▶ _Exercise aim_
Copy the records exactly, every one of them.

▶ _Task input_
· · · · ·

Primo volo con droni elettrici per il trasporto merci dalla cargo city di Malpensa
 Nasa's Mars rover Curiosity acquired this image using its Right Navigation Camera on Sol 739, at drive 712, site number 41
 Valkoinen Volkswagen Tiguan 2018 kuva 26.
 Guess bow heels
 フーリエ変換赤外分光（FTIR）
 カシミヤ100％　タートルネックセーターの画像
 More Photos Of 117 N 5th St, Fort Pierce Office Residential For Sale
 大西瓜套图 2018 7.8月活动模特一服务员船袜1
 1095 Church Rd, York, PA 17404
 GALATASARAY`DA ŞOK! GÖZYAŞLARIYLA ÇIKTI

· · · · ·

▶ _Answer space_
Primo volo con droni elettrici per il trasporto merci dalla cargo city di Malpensa
 Nasa's Mars rover Curiosity acquired this image using its Right Navigation Camera on Sol 739, at drive 712, site number 41
 Valkoinen Volkswagen Tiguan 2018 kuva 26.
 Guess bow heels
 フーリエ変換赤外分光（FTIR）
 カシミヤ100％　タートルネックセーターの画像
 More Photos Of 117 N 5th St, Fort Pierce Office Residential For Sale
 大西瓜套图 2018 7.8月活动模特一服务员船袜1
 1095 Church Rd, York, PA 17404
 GALATASARAY`DA ŞOK! GÖZYAŞLARIYLA ÇIKTI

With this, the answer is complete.